As seen in Figure 1, there are a variety of topics that have been covered in the public comment sections of school board meetings. A reasonable interpretation of those topics in their order of priority (doc_weight_sum) are as follows: Topic 00 consists of General School Topics; Topic 03 contains Mask Mandates/COVID-19; Topic 07 focuses on School Operations; Topic 01 includes School Staffing Problems; Topic 02 involves Community Member Rights; Topic 06 embodies "Critical Race Theory"; Topic 04 covers LGBTQ+ Issues; Topic 08 encompasses School Extracurriculars; Topic 09 entails Assessments and Performance; and Topic 05 highlights History and Invoking the Founding of the U.S. Although there initially appears to be a diversity in the topics covered, the topics appear to be a lot more similar across documents than the actual topic words employed.

In particular, Figures 2 and 3 both explicitly identify LGBTQ+ Issues (T04) and History/Invoking the Founding of the U.S. (T05) as tightly connected along with Assessments and Performance (T09) and School Operations (T07). Although the Topic Similarity approach in Figure 2 places both Community Member Rights (T02) and "Critical Race Theory" (T06) at opposite ends of the hierarhical agglomerative cluster tree, the Topic Contiguity correlations appears to draw a moderately positive correlation with Topics 2 and 4 to 9. One interpretation may be that community members (particularly parents) believe that they have the right to impose their views on a range of topics such as LGBTQ+ Issues, Critical Race Theory, School Operations, School Extracurriuculars, as well as Assessments and Performance. These community members may invoke the Founding Fathers to justify their rights to do so. This tight connection of documents that discuss these topics may be indicative of all of the points of contentions are actually intricately connected. The remaining topics across documents such as General School Topics, School Staffing Problems, and Mask Mandates may ultimately serve as distinctive issues of prioritization for various school board meetings.

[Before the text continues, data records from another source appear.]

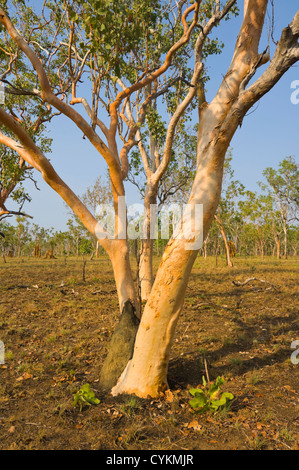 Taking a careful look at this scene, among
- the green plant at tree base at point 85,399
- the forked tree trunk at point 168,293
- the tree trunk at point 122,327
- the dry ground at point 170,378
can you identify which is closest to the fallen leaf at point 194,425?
the dry ground at point 170,378

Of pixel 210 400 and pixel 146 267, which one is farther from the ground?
pixel 146 267

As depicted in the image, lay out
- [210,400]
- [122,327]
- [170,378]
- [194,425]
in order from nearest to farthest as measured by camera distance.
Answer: [194,425] < [210,400] < [170,378] < [122,327]

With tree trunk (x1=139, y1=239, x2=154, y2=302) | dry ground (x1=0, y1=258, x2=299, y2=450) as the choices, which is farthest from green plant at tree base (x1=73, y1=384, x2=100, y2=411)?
tree trunk (x1=139, y1=239, x2=154, y2=302)

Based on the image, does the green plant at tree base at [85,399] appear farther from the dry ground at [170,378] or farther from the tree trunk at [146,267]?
the tree trunk at [146,267]

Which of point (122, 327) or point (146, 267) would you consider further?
point (146, 267)

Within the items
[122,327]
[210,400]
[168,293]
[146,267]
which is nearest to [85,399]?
[122,327]

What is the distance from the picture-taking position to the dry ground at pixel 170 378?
11.4 feet

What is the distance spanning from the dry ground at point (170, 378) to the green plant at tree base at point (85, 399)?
0.28 feet

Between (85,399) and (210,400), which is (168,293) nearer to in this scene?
(210,400)

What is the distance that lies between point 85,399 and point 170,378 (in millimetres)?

Although Figures 4 and 5 suggest that there may be relatively little connection between terms of topics, with the exception of T4/T5, Figure 6's word similarity analyses support connections among previously described topics across documents. Figures 4 and 5 employ Topic Similarity and Topic Contiguity: most terms across topic words are weakly correlated except LGBTQ+ Issues and History / Invoking the Founding Fathers. However, by taking a word embeddings approach in Figure 6, there are clusters of topics around Identity Politics. From (15,-10) to (50,10), words like Race, Theory, Racist, Gender, Transgender, Discrimination, Equity, Bathroom, Color, Skin, Diversity, Risk, Athletes, Activities, Equality, Freedom, and Rights are all terms that are located relatively closely and hence have similar associations. These are similarly aligned with topics discussed in school board meetings.

### RQ 2 Findings: School districts overwhelmingly have positive sentiments. These positive sentiments tend to be around LGBTQ+ Issues, General School Topics, and School Operations. Negative sentiments in school districts emerge for school districts focused on School Staffing Problems and Extracurriculars. Positive sentiments for Community Member Rights, Mask Mandates, Critical Race Theory, as well as Assessments and Performance occur when prioritized as a primary topic but negative sentiments manifest when prioritized as a secondary topic.

Upfront, it's important to acknowledge that there is a clear statistical limitation with this approach; the ideal approach would identify the sentiment of each individual speaker and examine the extent to which that individual discusses a particular topic before drawing correlations with sentiment and topic. Unfortunately, my analyses are currently done at the district-level, so it would be out of the current scope of research questions. Even so, the primary topic of discussion may still serve as a valuable tool: at minimum, the topic_1 was discussed as part of >30% of the mixture of topics up to nearly 100% of the mixture of topics (Appendix Figure 2). The majority of the sentiment is likely attributable to that particular topic — of course, it is very possible for all the  sentiment to be tied to another topic beyond topic 1. Bringing in topic_2 helps alleviate some of those problems since it coverages another substantial mixture of topics (Appendix Figure 3). Topic_3 may add some but not too much additional value since it barely covers any mixture of topics (Appendix Figure 4), so I avoid interpretations of Figure 10.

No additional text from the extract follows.